There are things you can affect as a director. Notice I did not say control. Control is an illusion and the sooner you rid yourself of any belief in its existence, the better. Much like God, it probably does exist in some sort of quantum / impossible to perceive by our feeble brains type way – but! You are not going to encounter it/them in the few weeks you have directing the show, so cut yourself some slack, my dude.

What was I talking about.

There are things you can affect as a director. Just about any text is flexible to some degree, ways to shade emphasis, focus the attention of the audience. A whole panoply of theater language, dirty tricks, blocking riddles, and vibes manipulation. I like the director chair because you have a lot of weapons in your arsenal – and the whole structure of your crew and the inherent leadership dynamic are built to aid the director in getting the show across the finish line. You might even accomplish some of your more esoteric aesthetic or artistic visions! Directing is about making choices (hopefully quickly) – and I often view each choice as increasing or decreasing the percentage chance of the show working – of the show being ‘good’ — because it’s still a dice roll at the end. You can have worked your way up to a solid 80% chance – and still the show may not work. That phantom, Control, again. Plays are organisms and they grow and mutate while you watch – so much of it is just not up to you. Which can be paralyzing — you can only influence so little of the bones, you want to make sure you are making the most of the choices you make. The best one, the best possible one, or maybe just the second-worst decision.

Casting is the most influential and borderline permanent decision you will make. Especially in amateur theater where you’re working with volunteers. I’m sure it’s difficult to replace a cast member in professional theater – but with the reduced timeframe and magnified social repercussions of local dirtbag theater, it becomes exponentially more complicated and fraught. Effectively, the cast you select after auditions is the one you’re closing the show with – barring illness or a family emergency. There are noted and juicy exceptions to this locked away in my memory, available for the low price of a few drinks and some chili-cheese fries to any who are curious.

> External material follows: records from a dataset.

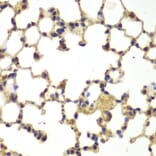 Immunohistochemistry - NFKB1 antibody from Signalway Antibody (39087) - Antibodies.com
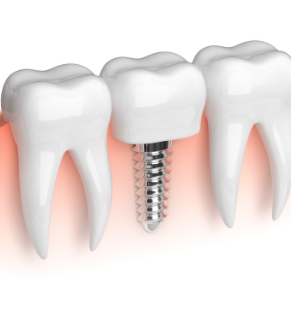 dental implant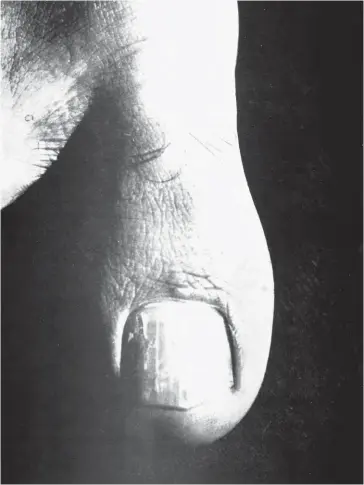  ??  ?? Jacques-André Boiffard. « Gros orteil. Sujet masculin, 30 ans ». 1929. Photograph­ie publiée dans le numéro 6, novembre 1929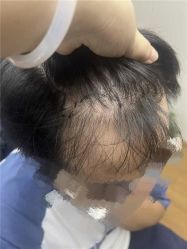 体验前-大麦微针植发全国连锁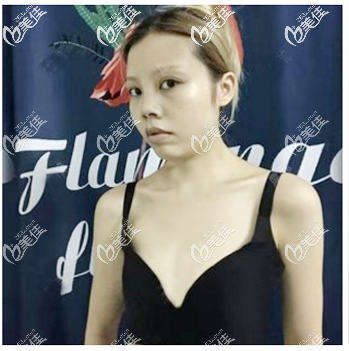 找許揚(yáng)濱做隆胸術(shù)前照片 找許揚(yáng)濱做隆胸術(shù)前照片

But once you’ve picked a cast, you are stuck with them. And with all the tools the director may have – fixing an actor that is just wrong is not something you will ever truly succeed at. Most crucially if they are a load-bearing part of the production, one of your leads.

They may be completely lovely people. They may be working their ass off for you. You might be dating them. (don’t do this)

But they’re wrong. You saw something in them at auditions. Or maybe you’ve seen them perform dozens of times, across many roles. They seemed perfect, everyone on your production team enthusiastically agreed. But as rehearsals go on and the show gets on its feet, they’re sitting in the center of it and it is not working. And there is nothing you can do to direct your way out of it. Some chemistry, some alchemy, some gutter sorcery is absolutely misfiring and you as the director are going to be the one to realize it waaaaay before anyone else. The ceiling of your show’s success just crashed down and there’s no repairing it and you still have three more weeks before the show opens.

I’m being hyperbolic, sure. But this is what keeps you up at night, roaming the darkened halls of your manor. And you have to be reasonable with yourself – this is amateur theater after all. Plenty of times the best course is to just say ‘They are doing the best they can and they are doing everything the show and I ask of them. And I can live with that – and I can even celebrate that.’ Not everyone gets the same thing out of an artform. For them, this performance that is making your stomach eat itself, is perhaps deeply important to them – maybe even meaningful in the grand sense, something they will look back on for the rest of their life with affection and pride.

Which is great.

So great.

I don’t want that for Antigone or ANTIGONE. I want the right people to walk through the door and I want to recognize them and put them in the right places with the right support. I zig and zag at just the right times, I dodge the mistakes and catch the perfect moments. The dice are already rolling. The dice are already rolling. The dice are already rolling.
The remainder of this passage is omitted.